Nach der 0:1 (0:1)-Niederlage bei den Würzburger Kickers ist der Fehlstart des 1. FC Magdeburg in die zweite Saisonhälfte perfekt.

Von
Hans-Joachim Malli

Würzburg l „Würzburg macht Spaß“ mussten die FCM-Kicker während der Abreise aus der einstigen unterfränkischen Residenzstadt auf einem großen City-Poster in der stadtauswärts führenden Kantstraße lesen, als sie am Samstagnachmittag in ihrem schicken neuen Bus auf dem Weg zurück an die Elbe waren.
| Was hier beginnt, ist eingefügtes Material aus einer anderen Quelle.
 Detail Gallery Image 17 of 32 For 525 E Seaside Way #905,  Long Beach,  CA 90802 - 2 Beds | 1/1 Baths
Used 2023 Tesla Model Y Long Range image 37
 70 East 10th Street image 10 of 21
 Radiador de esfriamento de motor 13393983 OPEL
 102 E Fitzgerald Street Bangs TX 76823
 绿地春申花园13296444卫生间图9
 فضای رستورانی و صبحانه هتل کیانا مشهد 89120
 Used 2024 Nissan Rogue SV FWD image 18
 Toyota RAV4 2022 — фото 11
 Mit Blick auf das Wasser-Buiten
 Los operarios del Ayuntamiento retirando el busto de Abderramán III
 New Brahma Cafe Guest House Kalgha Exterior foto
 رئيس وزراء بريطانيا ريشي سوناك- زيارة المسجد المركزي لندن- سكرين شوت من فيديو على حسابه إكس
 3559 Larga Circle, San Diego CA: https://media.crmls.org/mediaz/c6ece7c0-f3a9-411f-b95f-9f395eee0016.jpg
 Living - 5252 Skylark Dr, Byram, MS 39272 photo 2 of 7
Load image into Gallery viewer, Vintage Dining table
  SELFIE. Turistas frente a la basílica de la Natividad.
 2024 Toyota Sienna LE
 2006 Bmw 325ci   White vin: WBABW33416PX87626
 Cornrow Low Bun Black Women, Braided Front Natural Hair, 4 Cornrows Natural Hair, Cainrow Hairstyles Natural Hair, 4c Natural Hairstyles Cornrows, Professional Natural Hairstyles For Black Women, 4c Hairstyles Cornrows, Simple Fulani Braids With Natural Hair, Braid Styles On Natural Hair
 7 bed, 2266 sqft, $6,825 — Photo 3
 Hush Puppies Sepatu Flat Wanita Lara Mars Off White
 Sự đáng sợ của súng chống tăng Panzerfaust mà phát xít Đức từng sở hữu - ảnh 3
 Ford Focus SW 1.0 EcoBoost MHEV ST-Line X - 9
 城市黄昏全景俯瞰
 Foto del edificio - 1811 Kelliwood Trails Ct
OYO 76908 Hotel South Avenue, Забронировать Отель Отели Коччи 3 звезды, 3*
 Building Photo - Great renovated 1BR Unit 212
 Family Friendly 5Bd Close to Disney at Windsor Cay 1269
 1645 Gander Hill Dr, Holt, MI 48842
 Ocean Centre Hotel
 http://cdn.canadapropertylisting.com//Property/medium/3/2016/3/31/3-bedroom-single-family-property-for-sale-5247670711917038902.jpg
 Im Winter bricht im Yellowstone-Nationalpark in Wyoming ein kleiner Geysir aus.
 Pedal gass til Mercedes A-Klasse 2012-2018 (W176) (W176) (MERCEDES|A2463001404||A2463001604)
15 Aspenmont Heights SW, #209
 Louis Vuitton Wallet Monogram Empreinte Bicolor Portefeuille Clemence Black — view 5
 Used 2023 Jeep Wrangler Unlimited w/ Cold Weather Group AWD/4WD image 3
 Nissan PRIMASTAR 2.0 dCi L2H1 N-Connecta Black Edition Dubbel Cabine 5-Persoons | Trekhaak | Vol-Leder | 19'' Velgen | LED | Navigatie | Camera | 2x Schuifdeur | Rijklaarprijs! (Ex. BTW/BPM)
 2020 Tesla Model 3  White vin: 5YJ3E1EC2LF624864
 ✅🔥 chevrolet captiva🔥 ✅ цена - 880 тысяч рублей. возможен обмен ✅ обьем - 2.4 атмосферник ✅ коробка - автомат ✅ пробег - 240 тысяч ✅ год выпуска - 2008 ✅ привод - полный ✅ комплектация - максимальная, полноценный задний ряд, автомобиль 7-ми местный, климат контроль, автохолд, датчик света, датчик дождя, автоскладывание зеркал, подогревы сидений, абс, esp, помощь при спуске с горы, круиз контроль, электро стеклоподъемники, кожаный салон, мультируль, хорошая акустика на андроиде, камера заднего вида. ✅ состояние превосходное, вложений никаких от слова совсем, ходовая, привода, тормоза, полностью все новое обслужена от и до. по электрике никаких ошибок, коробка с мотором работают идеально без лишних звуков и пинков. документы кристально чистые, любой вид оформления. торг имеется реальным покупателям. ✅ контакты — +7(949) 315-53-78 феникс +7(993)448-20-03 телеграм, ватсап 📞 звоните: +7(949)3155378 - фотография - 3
Der Spaß war den Blau-Weißen da aber schon längst vergangen.

Bedröppelt schlichen sie nach der zweiten Niederlage des Jahres vom Rasen der Flyeralarm-Arena, wo zuvor zumeist nur die Gastgeber für Alarm gesorgt hatten, so dass beim Abgang auch die wiederum mehr als 1000 FCM-Anhänger kaum noch für Aufmunterung sorgten.

Viele Umstellungen beim FCM

FCM-Trainer Jens Härtel hatte für seine Verhältnisse mächtig rotiert, brachte anstelle von Steffen Schäfer, Björn Rother und Julius Düker diesmal Felix Schiller, Tobias Schwede und Philip Türpitz von Anfang an. Mit Beginn der zweiten Hälfte kam dann Winterneuzugang Marcel Costly für den völlig indisponierten Nico Hammann zu seinem Debüt in Blau und Weiß. 20 Minuten vor Schluss machte der Gelb-Rot-gefährdete Schiller Platz für Marius Sowislo, kam Düker für Türpitz in die Partie.

Einen Schönheitspreis verdiente die von intensiven und nicht immer sauber geführten Zweikämpfen geprägte Partie vom Anpfiff weg nicht. Beide Torhüter hatten kaum Möglichkeiten, sich auszuzeichnen. Die erste Gelegenheit für die Kickers hatte der quirlige Orhan Ademi, der den mitgelaufenen Felix Müller übersah (3. Minute), auf der Gegenseite traf Michel Niemeyer den Ball nicht voll, verzog links (7.).

FCM weitgehend harmlos

Kurz vor der Pause dann das Tor des Tages, als der bis dahin aufopferungsvoll und effektiv verteidigende Christopher Handke völlig ohne Not Patrick Göbel am Knie traf und der Ex-Zwickauer das Geschenk dankend annahm. Den fälligen Elfmeter verwandelte Ademi zum 1:0 (42.).

Mit Wut im Bauch und frischem Personal drängte der FCM nach der Pause auf den Ausgleich, doch der abgewehrte Versuch von Christian Beck (52.), ansonsten weitgehend untergetaucht, und Erdmanns Schuss aus dem Hinterhalt (54.) waren zu wenig für einen Punktgewinn.

Fast hätten die Kickers noch das 2:0 gemacht, als sich Kai Wagner durch Costly und Erdmann durchwurschtelte, aber den Ball freistehend knapp verzog (77.). „Die Mehrzahl der wichtigen Zweikämpfe haben die Kickers gewonnen. Uns gelang es zu selten, Überzahlsituationen zu schaffen, die richtigen Lösungen zu finden“, monierte Härtel nach dem Spiel und forderte nun für das Heimspiel am Sonnabend gegen Münster mehr Präsenz.